The latest addition to the site is the Monk's Garden, a gated hideaway planted with medicinal herbs and dotted with peculiar eggy sculptures. And if it's sustenance you need then the cafe inside Lesnes Abbey Lodge is probably open, and probably popular, dispensing salads, bagels and decently-priced chunks of millionaire shortbread. Drop by at 10.30 this morning and you might hear a talk on local landscapes by "our resident archaeologist Anthony Thomas", but given Crossrail hasn't opened yet you might want to wait for his Introduction to the Recording of Ancient Buildings on 16th June.
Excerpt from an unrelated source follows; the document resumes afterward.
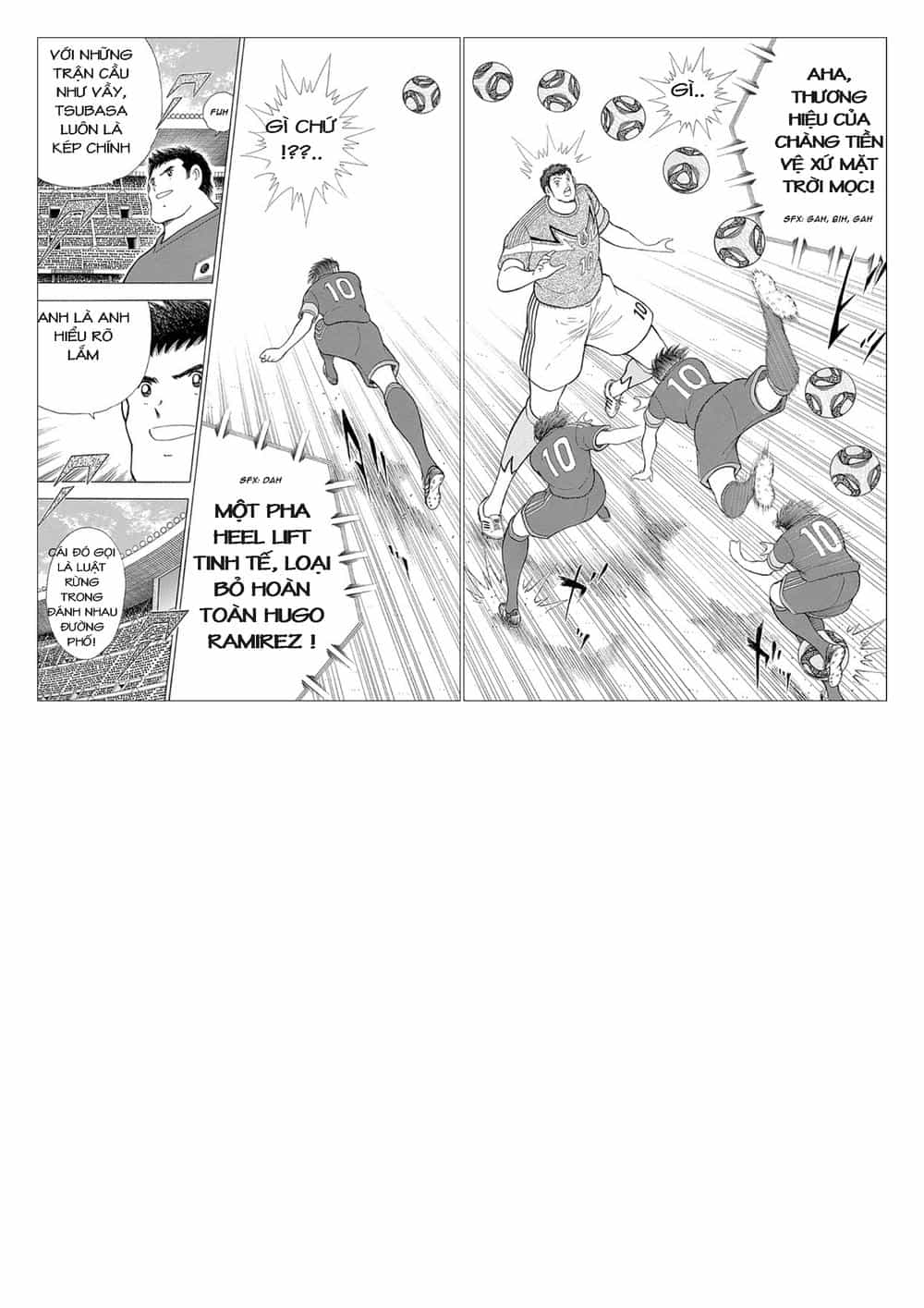 Captain Tsubasa: Rising Sun - Chương 3 - ảnh 13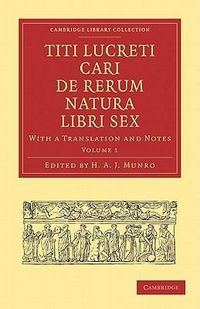Produktbild: Titi Lucreti Cari De Rerum Natura Libri Sex 2 Volume Paperba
And while you're here don't miss out on a walk through Lesnes Abbey Woods. You're just too late for the bluebells, the last of which are now shrivelling, but its extensive hilly paths are always worth a climb. Follow the right track and you might even locate the Fossil Pit discovered in the 1870s by a geologist while out walking his dog. He found shells and sharks teeth in what's since proven to be one of the world's richest 55-million-year-old fossil sites, and so too might you if you dig around in the sand (rules and regulations apply). It's a splendidly peaceful wilderness and very much worthy of a visit, not least because these are the woods after which the station at the end of London's newest railway line is named.
So don't just get the train to Abbey Wood, take some time to experience the surrounding area that's suddenly been connected speedily to central London for the very first time. In particular if you've never seen the abbey ruins you've been missing a trick, indeed there's a lot more here than you might assume from merely stepping outside the station.